Catalog Import Arguments#
This page discusses a few topics around setting up a catalog pipeline.
At a minimum, you need arguments that include where to find the input files, the column names for RA, and DEC, and where to put the output files. A minimal arguments block will look something like:
from hipscat_import.pipeline import ImportArguments
args = ImportArguments(
sort_columns="ObjectID",
ra_column="ObjectRA",
dec_column="ObjectDec",
input_path="./my_data",
file_reader="csv",
output_artifact_name="test_cat",
output_path="./output",
)
More details on each of these parameters is provided in sections below.
For the curious, see the API documentation for
hipscat_import.catalog.arguments.ImportArguments
, and its superclass
hipscat_import.runtime_arguments.RuntimeArguments
.
Pipeline setup#
Dask#
We will either use a user-provided dask Client
, or create a new one with
arguments:
dask_tmp
- str
- directory for dask worker space. this should be local to
the execution of the pipeline, for speed of reads and writes. For much more
information, see Temporary files and disk usage
dask_n_workers
- int
- number of workers for the dask client. Defaults to 1.
dask_threads_per_worker
- int
- number of threads per dask worker. Defaults to 1.

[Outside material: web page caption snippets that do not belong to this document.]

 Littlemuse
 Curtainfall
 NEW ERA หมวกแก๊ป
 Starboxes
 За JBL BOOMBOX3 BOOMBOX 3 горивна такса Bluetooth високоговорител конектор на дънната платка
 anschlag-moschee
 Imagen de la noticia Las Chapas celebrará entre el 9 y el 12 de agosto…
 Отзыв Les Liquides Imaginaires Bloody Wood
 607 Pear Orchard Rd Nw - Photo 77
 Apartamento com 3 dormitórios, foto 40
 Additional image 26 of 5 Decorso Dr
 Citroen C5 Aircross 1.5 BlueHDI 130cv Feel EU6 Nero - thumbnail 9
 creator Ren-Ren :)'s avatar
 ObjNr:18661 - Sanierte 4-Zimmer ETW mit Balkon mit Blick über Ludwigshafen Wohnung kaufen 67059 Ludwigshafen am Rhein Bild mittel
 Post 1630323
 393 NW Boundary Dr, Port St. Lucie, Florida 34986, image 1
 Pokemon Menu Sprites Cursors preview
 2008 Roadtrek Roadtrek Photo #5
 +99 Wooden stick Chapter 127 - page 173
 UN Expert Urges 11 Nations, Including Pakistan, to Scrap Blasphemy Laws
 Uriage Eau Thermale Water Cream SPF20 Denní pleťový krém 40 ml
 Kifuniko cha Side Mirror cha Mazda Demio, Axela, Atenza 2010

If you find that you need additional parameters for your dask client (e.g are creating a SLURM worker pool), you can instead create your own dask client and pass along to the pipeline, ignoring the above arguments. This would look like:
from dask.distributed import Client
from hipscat_import.pipeline import pipeline_with_client
args = ... # ImportArguments()
with Client('scheduler:port') as client:
pipeline_with_client(args, client)
If you’re running within a .py
file, we recommend you use a main
guard to
potentially avoid some python threading issues with dask:
from hipscat_import.pipeline import pipeline
def import_pipeline():
args = ...
pipeline(args)
if __name__ == '__main__':
import_pipeline()
Resuming#
The import pipeline has the potential to be a very long-running process, if you’re importing large amounts of data, or performing complex transformations on the data before writing.
While the pipeline runs, we take notes of our progress so that the pipeline can be resumed at a later time, if the job is pre-empted or canceled for any reason.
When instantiating a pipeline, you can use the resume
flag to indicate that
we can resume from an earlier execution of the pipeline. By default, if any resume
files are found, we will restore the pipeline’s previous progress.
If you want to start the pipeline from scratch you can simply set resume=False.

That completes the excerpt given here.